Exercise description
Retype all data exactly as given. Pictures should not be retyped.

Source data Start Marker

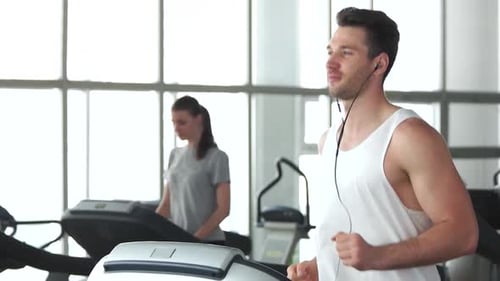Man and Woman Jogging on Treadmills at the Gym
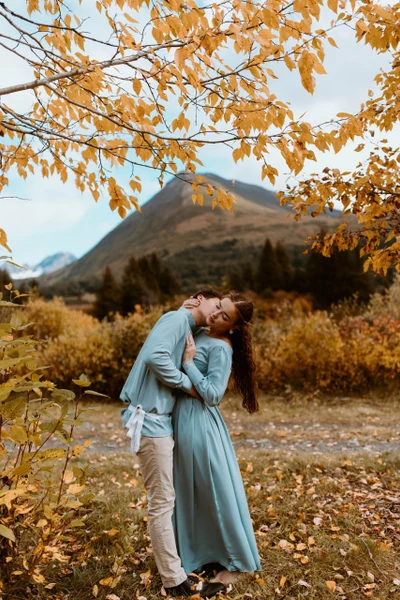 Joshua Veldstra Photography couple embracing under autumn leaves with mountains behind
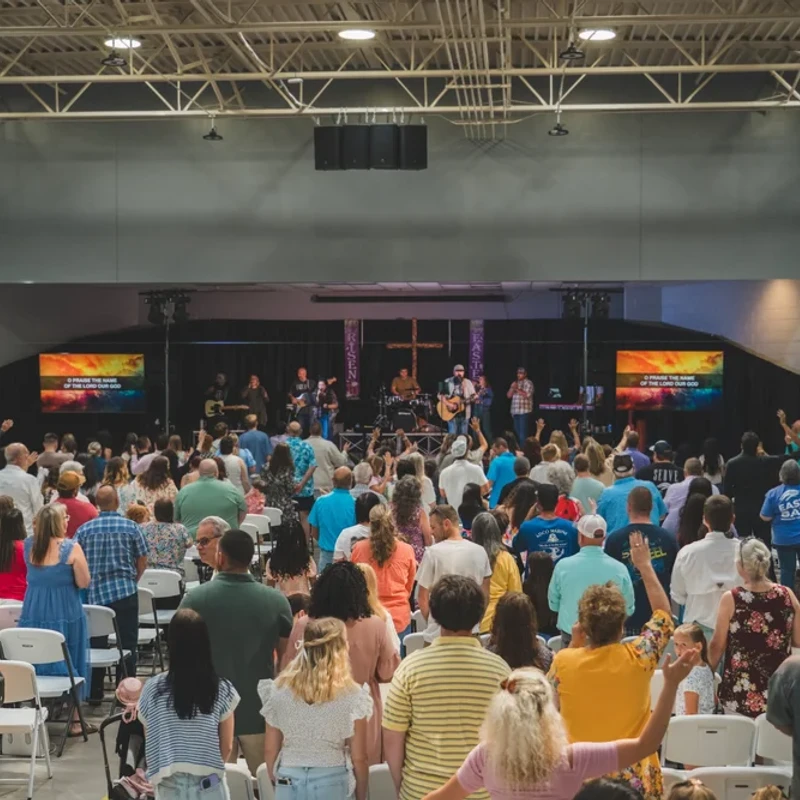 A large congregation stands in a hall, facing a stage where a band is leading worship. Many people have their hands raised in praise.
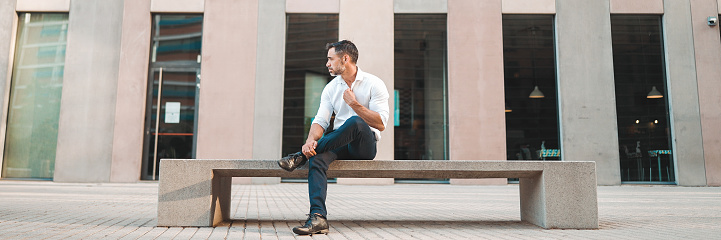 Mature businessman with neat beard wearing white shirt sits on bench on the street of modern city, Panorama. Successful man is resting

Source data End Marker

Answer to this exercise
Man and Woman Jogging on Treadmills at the Gym
 Joshua Veldstra Photography couple embracing under autumn leaves with mountains behind
 A large congregation stands in a hall, facing a stage where a band is leading worship. Many people have their hands raised in praise.
 Mature businessman with neat beard wearing white shirt sits on bench on the street of modern city, Panorama. Successful man is resting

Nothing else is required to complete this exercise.